Top of Dataset excerpts

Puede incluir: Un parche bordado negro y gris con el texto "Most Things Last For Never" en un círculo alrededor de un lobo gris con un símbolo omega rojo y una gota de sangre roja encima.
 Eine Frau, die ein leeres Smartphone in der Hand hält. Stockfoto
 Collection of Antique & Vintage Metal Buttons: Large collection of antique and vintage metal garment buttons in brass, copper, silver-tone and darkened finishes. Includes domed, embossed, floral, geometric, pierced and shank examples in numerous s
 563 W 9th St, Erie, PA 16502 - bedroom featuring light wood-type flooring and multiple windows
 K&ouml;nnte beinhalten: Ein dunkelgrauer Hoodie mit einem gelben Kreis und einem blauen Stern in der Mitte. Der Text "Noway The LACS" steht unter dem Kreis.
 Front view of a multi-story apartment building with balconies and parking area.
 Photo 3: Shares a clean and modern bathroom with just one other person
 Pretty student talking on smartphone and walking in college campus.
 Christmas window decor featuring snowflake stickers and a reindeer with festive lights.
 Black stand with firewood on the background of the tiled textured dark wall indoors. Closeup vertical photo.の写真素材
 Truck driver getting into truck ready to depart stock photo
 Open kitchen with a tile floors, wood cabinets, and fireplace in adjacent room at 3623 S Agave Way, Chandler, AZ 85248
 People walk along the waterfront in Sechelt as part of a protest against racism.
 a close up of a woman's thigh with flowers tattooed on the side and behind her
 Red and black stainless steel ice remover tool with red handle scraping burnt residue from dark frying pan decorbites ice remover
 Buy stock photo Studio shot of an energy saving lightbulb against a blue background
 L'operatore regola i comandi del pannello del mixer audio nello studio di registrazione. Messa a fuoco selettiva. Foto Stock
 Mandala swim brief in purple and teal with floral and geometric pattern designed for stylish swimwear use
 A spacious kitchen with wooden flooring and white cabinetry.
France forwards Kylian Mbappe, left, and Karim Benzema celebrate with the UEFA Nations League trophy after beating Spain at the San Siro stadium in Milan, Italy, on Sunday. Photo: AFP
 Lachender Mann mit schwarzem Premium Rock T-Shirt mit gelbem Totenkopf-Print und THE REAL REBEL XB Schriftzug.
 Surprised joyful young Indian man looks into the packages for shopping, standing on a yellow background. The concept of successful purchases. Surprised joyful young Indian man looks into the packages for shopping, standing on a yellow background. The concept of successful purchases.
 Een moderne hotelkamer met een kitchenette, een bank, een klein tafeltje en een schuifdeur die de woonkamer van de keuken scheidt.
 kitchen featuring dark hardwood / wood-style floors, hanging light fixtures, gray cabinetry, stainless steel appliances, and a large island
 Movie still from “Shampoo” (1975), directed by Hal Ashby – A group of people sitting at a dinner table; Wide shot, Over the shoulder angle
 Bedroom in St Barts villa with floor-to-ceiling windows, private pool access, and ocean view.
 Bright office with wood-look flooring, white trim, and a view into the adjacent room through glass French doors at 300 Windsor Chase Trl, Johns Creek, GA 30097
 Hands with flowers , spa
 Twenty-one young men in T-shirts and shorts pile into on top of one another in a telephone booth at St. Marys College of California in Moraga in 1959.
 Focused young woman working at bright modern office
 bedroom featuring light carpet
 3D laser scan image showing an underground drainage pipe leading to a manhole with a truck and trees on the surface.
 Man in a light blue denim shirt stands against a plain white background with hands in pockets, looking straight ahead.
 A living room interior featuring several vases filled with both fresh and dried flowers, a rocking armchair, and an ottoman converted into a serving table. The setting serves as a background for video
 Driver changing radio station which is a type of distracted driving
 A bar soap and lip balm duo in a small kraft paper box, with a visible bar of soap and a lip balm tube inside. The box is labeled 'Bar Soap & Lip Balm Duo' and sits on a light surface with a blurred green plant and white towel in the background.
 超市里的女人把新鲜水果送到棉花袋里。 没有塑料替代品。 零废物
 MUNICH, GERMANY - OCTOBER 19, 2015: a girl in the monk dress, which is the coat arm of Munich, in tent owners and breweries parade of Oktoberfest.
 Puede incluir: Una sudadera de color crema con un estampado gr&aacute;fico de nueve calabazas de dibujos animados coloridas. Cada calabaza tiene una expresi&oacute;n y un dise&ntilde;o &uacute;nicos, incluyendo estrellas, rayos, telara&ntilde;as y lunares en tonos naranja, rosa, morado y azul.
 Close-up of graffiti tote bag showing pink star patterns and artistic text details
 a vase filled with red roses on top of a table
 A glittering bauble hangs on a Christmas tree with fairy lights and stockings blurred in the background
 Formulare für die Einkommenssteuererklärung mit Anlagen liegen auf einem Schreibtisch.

Bottom of Dataset excerpts

What the task asks:
Up to and including the line with "L'operatore regola i", output each line of the entries above exactly, starting from the first.

Answer section:
Puede incluir: Un parche bordado negro y gris con el texto "Most Things Last For Never" en un círculo alrededor de un lobo gris con un símbolo omega rojo y una gota de sangre roja encima.
 Eine Frau, die ein leeres Smartphone in der Hand hält. Stockfoto
 Collection of Antique & Vintage Metal Buttons: Large collection of antique and vintage metal garment buttons in brass, copper, silver-tone and darkened finishes. Includes domed, embossed, floral, geometric, pierced and shank examples in numerous s
 563 W 9th St, Erie, PA 16502 - bedroom featuring light wood-type flooring and multiple windows
 K&ouml;nnte beinhalten: Ein dunkelgrauer Hoodie mit einem gelben Kreis und einem blauen Stern in der Mitte. Der Text "Noway The LACS" steht unter dem Kreis.
 Front view of a multi-story apartment building with balconies and parking area.
 Photo 3: Shares a clean and modern bathroom with just one other person
 Pretty student talking on smartphone and walking in college campus.
 Christmas window decor featuring snowflake stickers and a reindeer with festive lights.
 Black stand with firewood on the background of the tiled textured dark wall indoors. Closeup vertical photo.の写真素材
 Truck driver getting into truck ready to depart stock photo
 Open kitchen with a tile floors, wood cabinets, and fireplace in adjacent room at 3623 S Agave Way, Chandler, AZ 85248
 People walk along the waterfront in Sechelt as part of a protest against racism.
 a close up of a woman's thigh with flowers tattooed on the side and behind her
 Red and black stainless steel ice remover tool with red handle scraping burnt residue from dark frying pan decorbites ice remover
 Buy stock photo Studio shot of an energy saving lightbulb against a blue background
 L'operatore regola i comandi del pannello del mixer audio nello studio di registrazione. Messa a fuoco selettiva. Foto Stock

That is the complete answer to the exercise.